Quant au compagnon en titre, il rentre d’une mission en province. Madame Bergonses lui dit la vérité, peut-être lui annonce qu’elle va le quitter, il devient fou, et la tue. Les deux se tiennent mon petit. Les deux se tiennent.
- Oui, c’est vrai, ces hypothèses m’ont traversé l’esprit. Mais… …
- Mais ?
- Il y a aussi le cancer. Le mari a fait le serment à sa femme de ne pas la laisser souffrir. Il pourrait avoir voulu lui éviter toutes les souffrances à venir.
- Et pour cela il aurait arraché le bustier de son épouse et supplicié son corps ??
- Pour se protéger et écarter les soupçons, un criminel est capable du pire !
- Ah, le beau cas d’école que ce serait, hein ! Non, mon petit gars, non ! Toutes les pistes doivent être envisagées, c’est évident. Ce mec amoureux fou mais résigné, tel qu’il apparaît dans ses écrits, mutiler le corps de l’être aimé ? Non, non, j’en suis certain. Je ne le « sens » pas.

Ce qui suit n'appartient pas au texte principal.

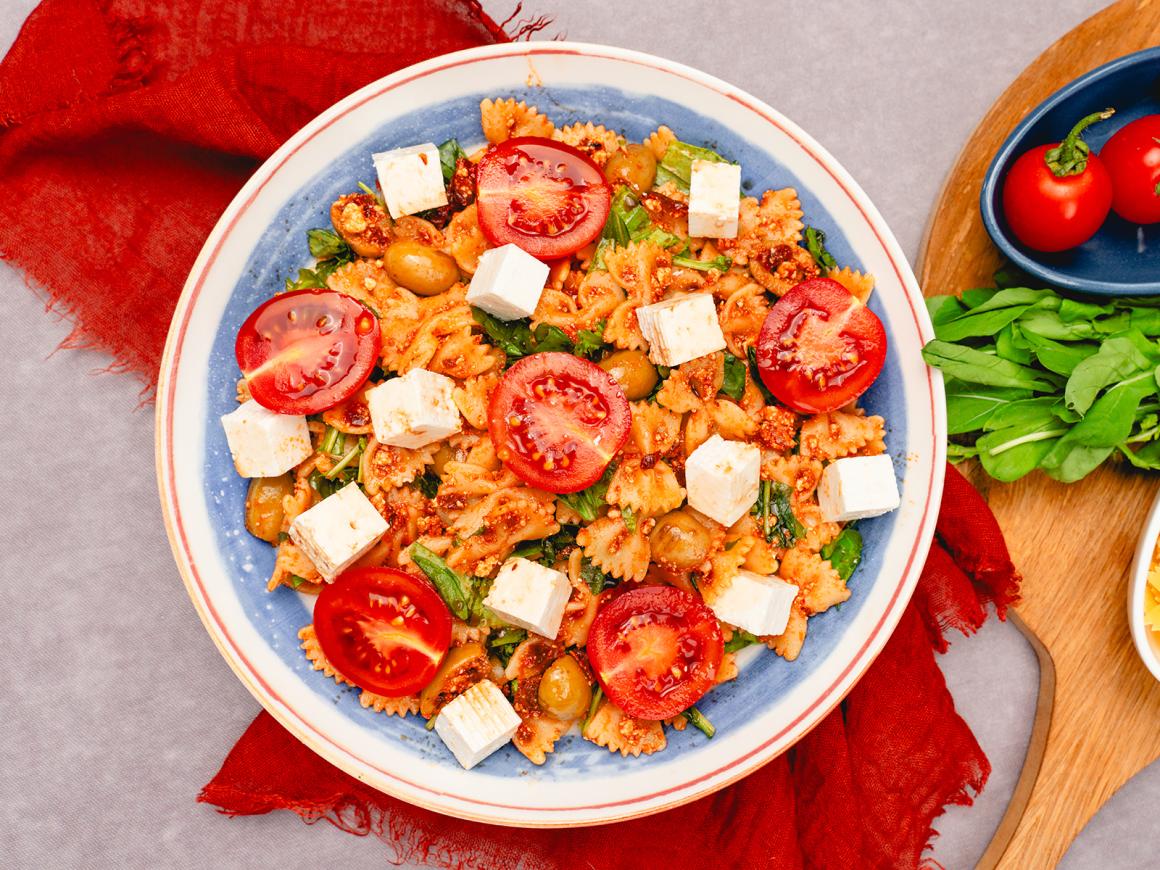 Mediterraner Nudelsalat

Vois-tu petit, le flair dans notre métier, c’est primordial. Même s’il faut aussi savoir distancier et veiller à toujours tout contrôler. Je ne le sens pas. Pas du tout. Par contre, une crise de jalousie !… De l’un ou de l’autre, possible. Etrange, mais possible.
Où en êtes-vous de la vérification de l’alibi du jeune Vanneaux ?

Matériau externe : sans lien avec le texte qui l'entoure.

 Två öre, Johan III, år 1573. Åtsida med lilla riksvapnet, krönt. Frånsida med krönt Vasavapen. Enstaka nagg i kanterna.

- Il est toujours très choqué. Sincèrement, je ne crois pas du tout à une quelconque culpabilité en ce qui le concerne. J’ai enregistré sa déposition, avant de le laisser partir. Il est chez un frère, à Paris. Aucune charge contre lui pour le moment.

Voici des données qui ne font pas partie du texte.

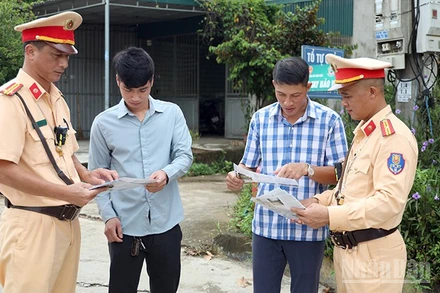 Cán bộ, chiến sĩ Trạm Cảnh sát giao thông Hàm Yên, Công an tỉnh Tuyên Quang tuyên truyền các quy định bảo đảm trật tự an toàn giao thông cho người dân.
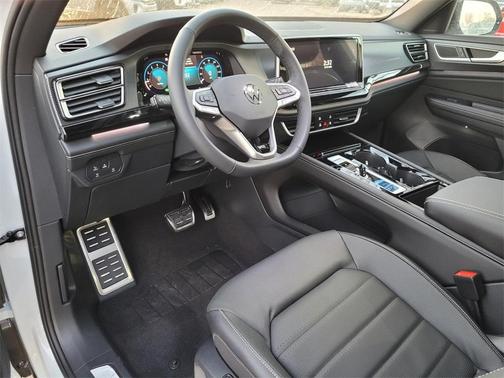 2026 Volkswagen Atlas Cross Sport 2.0T SEL R-Line Black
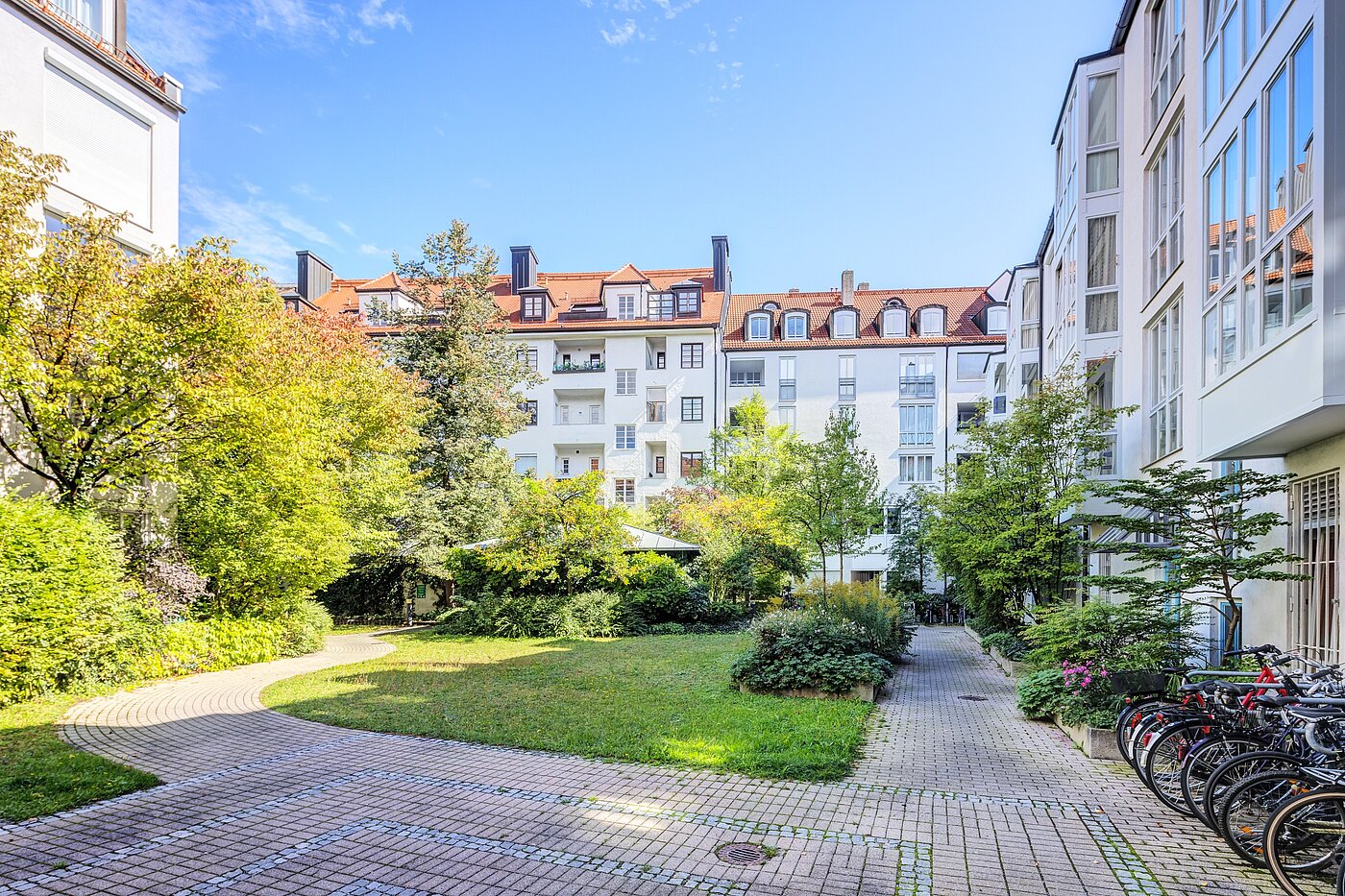 Etagenwohnung mit 1 Zimmer | München-Schwabing | 70249 | ...parkähnlichem...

Pourtant, c’est vrai qu’il ne parvient pas à être précis. Tout est flou. Il a finalement reconnu être parti de Nantes à 13 heures et non à 17 heures comme il l’avait déclaré initialement.
- Mais c’est bon, ça ! On ne raconte pas des histoires sans raison ! Donc il était bien arrivé à Paris, et il pouvait se trouver à EVRY au moment du crime ! Il est fichu le p’tit gars. Tu « ne crois pas du tout » ! Mon petit, ce n’est pas une expression à employer dans notre boulot ! Et il dit quoi, maintenant ?
- Il déclare être resté à la gare de Lyon dans un café, à attendre pour ne pas arriver trop tôt chez lui.
- Elle est bonne, celle-là ! Mais vérifiez Nom de Dieu, vérifiez !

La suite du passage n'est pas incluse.